Ratusan ribu kubik air berlumpur telah membanjiri delapan desa di provinsi Xaysomboun Laos tengah setelah waduk sebuah hulu bendungan pekan lalu menyusul hujan deras, infrastruktur yang merusak, lahan pertanian, dan persediaan air.
Ketika waduk Bendungan Nam Ao di distrik Phaxay di provinsi Xieng Khouang di timur laut Laos pecah pada 11 September, kapal tersebut mengirim 500.000 meter kubik air ke hilir di daerah banjir bandang yang parah yang menggenangi desa-desa dengan air, yang secara serius merusak salah satu dari mereka, menurut pejabat.
Sekarang pejabat pemerintah pusat dan daerah mengatakan bahwa Bothong Inter Group, pengembang proyek bendungan tenaga air, bertanggung jawab secara hukum untuk memperbaiki kerusakan pada jaringan listrik dan persediaan air, karena konstruksi waduk "tidak standar".
"Tindakan hukum harus diambil [terhadap pengembang proyek] dengan pasti, dan sekarang pihak berwenang provinsi sedang menyelidiki semua kerusakan," Khammany Inthirath, menteri Kementerian Energi dan Pertambangan, mengatakan kepada Dinas Luar Negeri
"Pertama, itu tidak standar sehingga pecah, dan kedua karena hujan deras," katanya.

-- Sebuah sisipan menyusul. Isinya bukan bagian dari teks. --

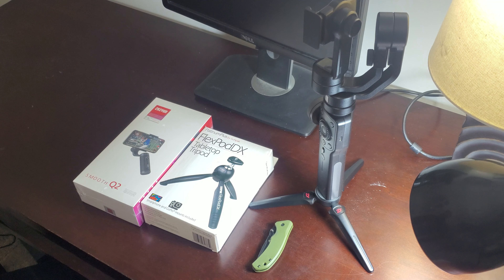So let's go and open up the Smooth Q2 package and see what we have inside. The box is pretty small — I think the base of the Smooth 4 is as big as the overall packing of the Smooth Q2. On the back there are instructions, and the side tells you all the options it provides about the joystick, power button, and more. Let's open it up.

Somboun Sonlithideth, gubernur distrik Thathome di provinsi Xaysomboun, mengatakan pada 17 September bahwa pembangunan waduk tersebut salah karena dibangun di atas tanah rawa.
"Ini adalah rawa alami dimana mereka [pengembang proyek] membangun sebuah tanggul yang mengelilingi waduk," katanya.
"Waduk tidak bisa menangani debit air yang sangat besar karena tanggulnya, yang tidak dibangun di atas tanah yang kuat, pecah," katanya.
Pejabat menunggu laporan tentang tingkat kerusakan pada ladang dan kolam yang akan selesai, kata Somboun
"Bothong Inter Group bekerjasama dengan pejabat kabupaten membantu mengembalikan sistem pasokan air dan kelistrikan," katanya. "Kami menunggu laporan tentang kerusakan pada sawah, ladang, dan kolam ikan."
Banjir telah memotong Jalan D1 antara distrik Paksan di provinsi Bolikhamxay dan distrik Phaxay di provinsi Xieng Khouang, menurut sebuah laporan oleh KPL, Lao News Agency.
Konstruksi sedang berlangsung
Bothong Inter Group memulai pembangunan bendungan 15 megawatt kecil di Sungai Nam Ao pada tahun 2015.
Sekitar 85 persen pembangunan selesai, dan bendungan tersebut diperkirakan akan beroperasi penuh awal tahun depan, menurut sebuah laporan oleh KPL, Lao News Agency.
Penduduk desa telah melarikan diri ke tempat yang lebih tinggi, dan tidak ada korban luka atau korban tewas yang dilaporkan, katanya.
Pejabat di Kementerian Sumber Daya Alam dan Lingkungan menyelidik penyebab insiden tersebut dan memperkirakan kerusakan yang diakibatkannya, kata laporan tersebut.
Laos dan negara-negara Asia Tenggara lainnya sedang membangun bendungan sementara mereka berusaha memanfaatkan kekuatan Sungai Mekong dan sungai lainnya.
Meskipun pemerintah Laos melihat pembangkit listrik sebagai cara untuk meningkatkan ekonomi negara, proyek-proyek tersebut kontroversial karena dampak lingkungan, pemindahan penduduk desa, dan pengaturan keuangan yang patut dipertanyakan.